SPD-Parteichef Gabriel in Nordhausen

Veröffentlicht am 29.08.2013 in Parteileben

Die purpurne Stellwand aus dem Willy-Brandt-Haus steht abseits, die beiden Stühle davor bleiben verwaist. Das Brimborium aus der SPD-Parteizentrale braucht der Chef jetzt auf dem Nordhäuser Markt nicht. Sigmar Gabriel sucht die Nähe zum Volk - und findet sie.
Er setzt sich auf die vorderste Bierbank neben Sigrid Weller, lobt, wie "toll" Nordhausen geworden sei. Er dankt für den Kaffee und lehnt das Fettbrot von Helga Uhl lachend ab: "Hab ich es nötig?".

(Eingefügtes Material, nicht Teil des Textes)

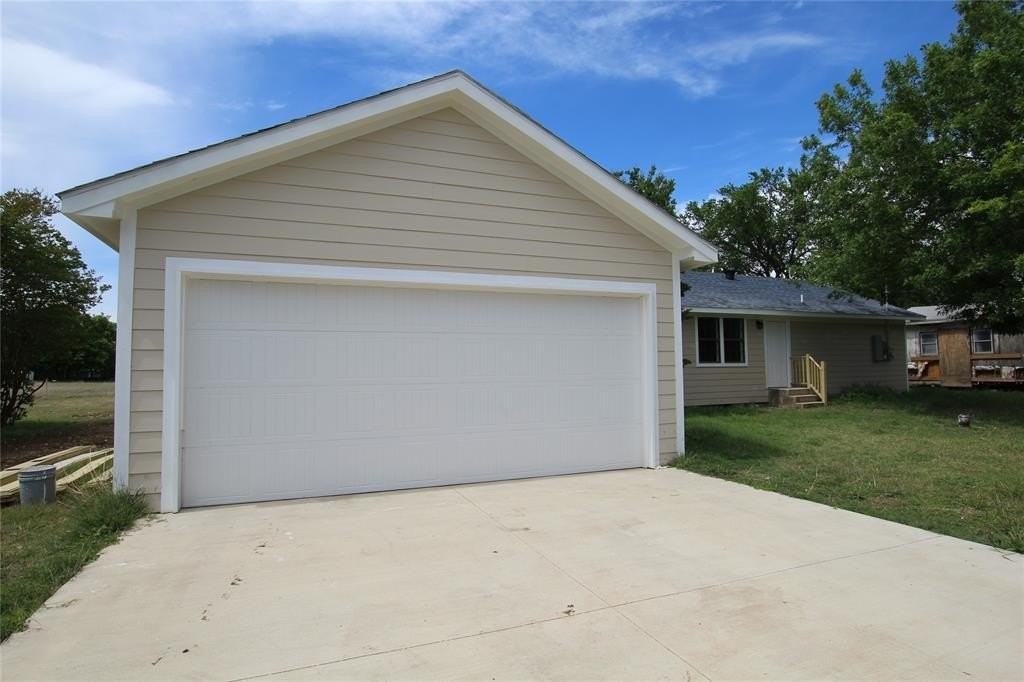 106 Austin St - Photo 2 of 12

"Lieber Sigmar, Dich kennen alle, mich kennen leider noch nicht so viele", sagt Carmen Listemann , die Wahlkreiskandidatin für den Bundestag, ins Mikrofon. Zwei, drei Minuten wirbt sie in eigener Sache, dann hat Gabriel seinen Auftritt.

Etwa 100 Leute sind gekommen, weil sich Prominenz angekündigt hat. So unnahbar Gabriel bei Statements vor der purpurnen Stellwand im Fernsehen wirken mag, hier ist er der nette Sigmar. Der erzählt, wie er am Morgen mit den Kindern frühstückte, bevor es von Goslar über den Harz nach Nordhausen ging. Als Gatte einer Frau aus dem Mansfelder Land nennt er sich schmunzelnd einen "Beute-Ossi". Als es ums Gesundheitswesen geht, vergisst er nicht seine Mutter zu erwähnen, eine Stationsschwester auf einer Intensivpflegestation.

Auch Gabriel hat verinnerlicht, dass Sympathie mindestens so entscheidend ist wie Sachargumente: Entsprechend volksnah gibt er sich. Wie Franz Müntefering vor drei Tagen in Bleicherode redet also auch er leidenschaftlich vom gesetzlichen Mindestlohn, fordert die Bürgerversicherung, einen Haftungsfonds der europäischen Banken untereinander. Das kommt beim "kleinen Steuerzahler" an, im Ostdeutschland, dem "Experimentierfeld für schlechten Lohn".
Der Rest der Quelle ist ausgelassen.